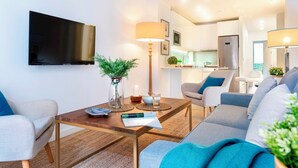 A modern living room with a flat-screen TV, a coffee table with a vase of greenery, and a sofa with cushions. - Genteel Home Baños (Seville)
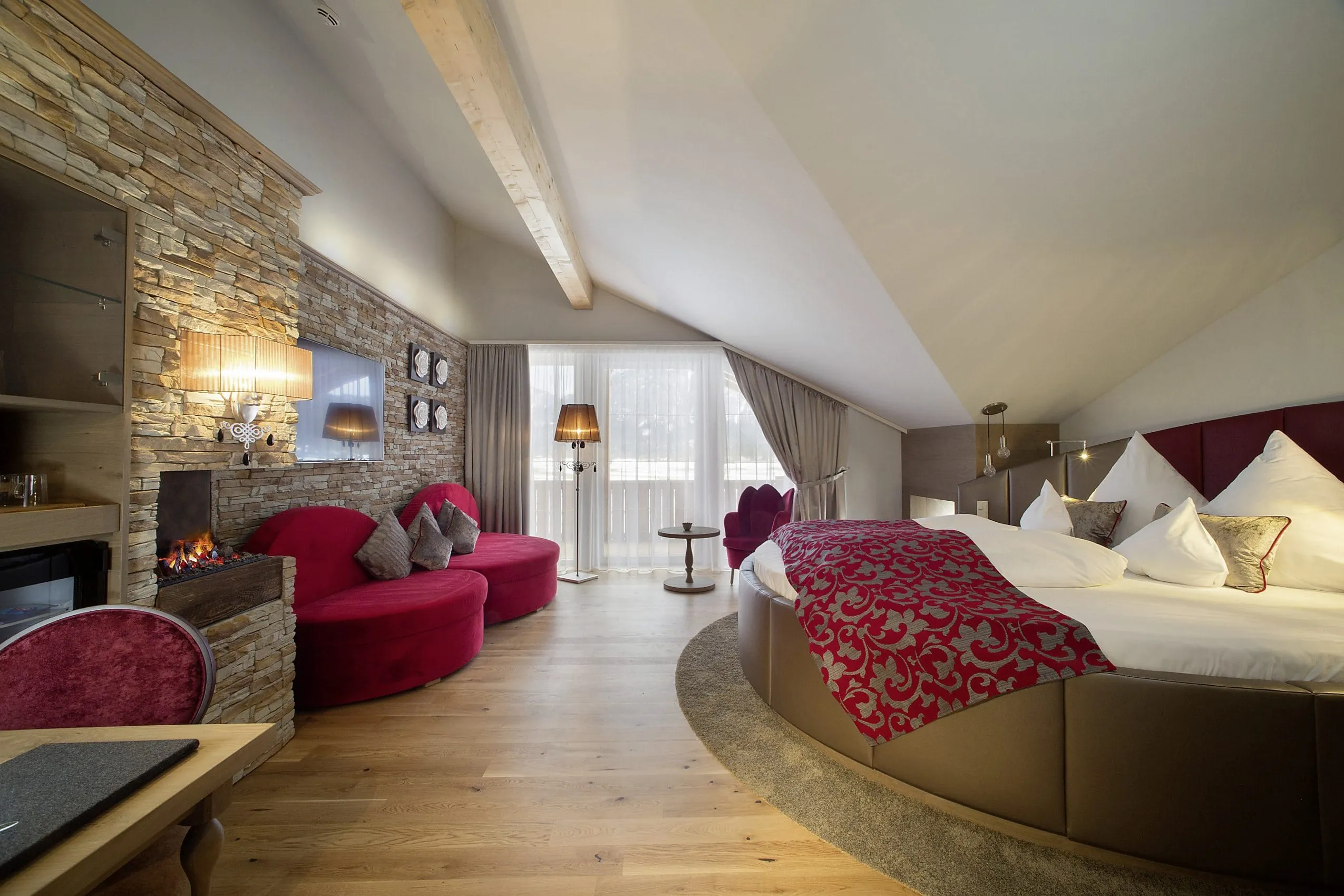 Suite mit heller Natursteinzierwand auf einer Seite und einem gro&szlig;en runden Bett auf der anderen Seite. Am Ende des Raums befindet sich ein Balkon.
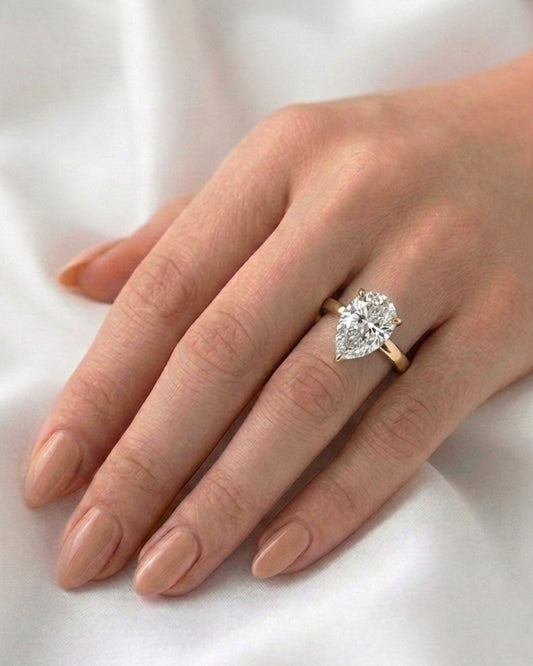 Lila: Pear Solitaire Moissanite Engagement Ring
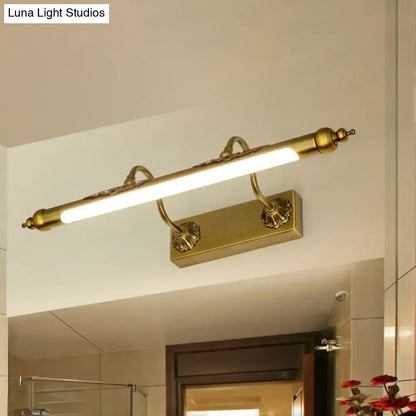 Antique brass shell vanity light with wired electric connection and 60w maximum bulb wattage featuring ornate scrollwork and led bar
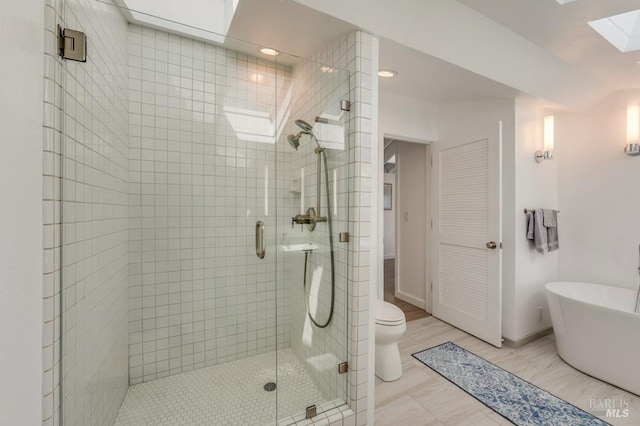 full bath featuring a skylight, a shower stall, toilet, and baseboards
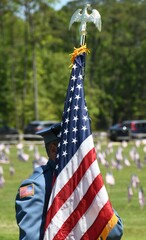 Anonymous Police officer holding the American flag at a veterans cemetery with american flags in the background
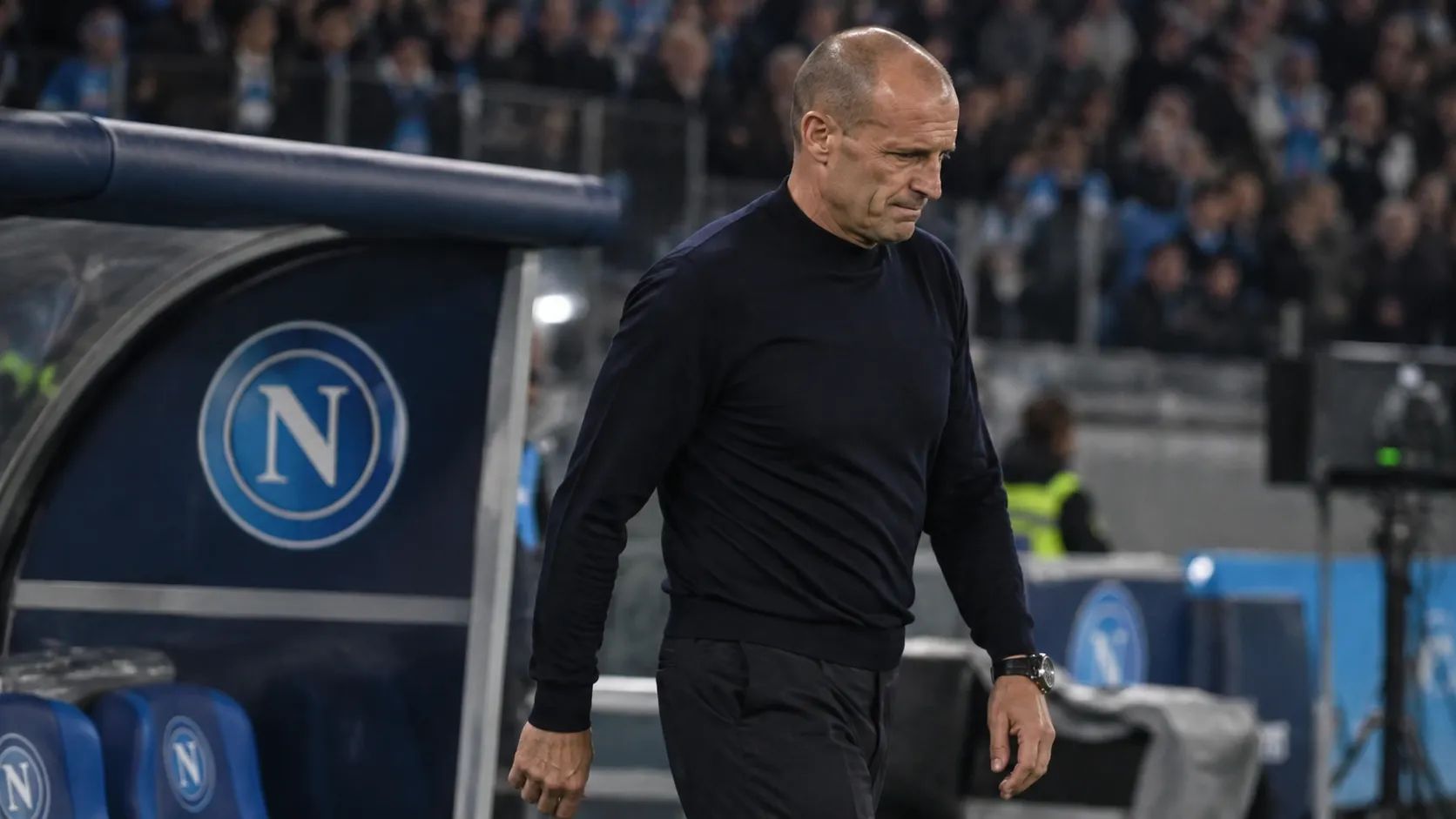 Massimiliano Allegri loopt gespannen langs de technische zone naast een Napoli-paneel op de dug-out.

:: Required work ::
Transcribe the records above exactly and drop every picture.

:: Problem solution ::
 A modern living room with a flat-screen TV, a coffee table with a vase of greenery, and a sofa with cushions. - Genteel Home Baños (Seville)
 Suite mit heller Natursteinzierwand auf einer Seite und einem gro&szlig;en runden Bett auf der anderen Seite. Am Ende des Raums befindet sich ein Balkon.
 Lila: Pear Solitaire Moissanite Engagement Ring
 Antique brass shell vanity light with wired electric connection and 60w maximum bulb wattage featuring ornate scrollwork and led bar
 full bath featuring a skylight, a shower stall, toilet, and baseboards
 Anonymous Police officer holding the American flag at a veterans cemetery with american flags in the background
 Massimiliano Allegri loopt gespannen langs de technische zone naast een Napoli-paneel op de dug-out.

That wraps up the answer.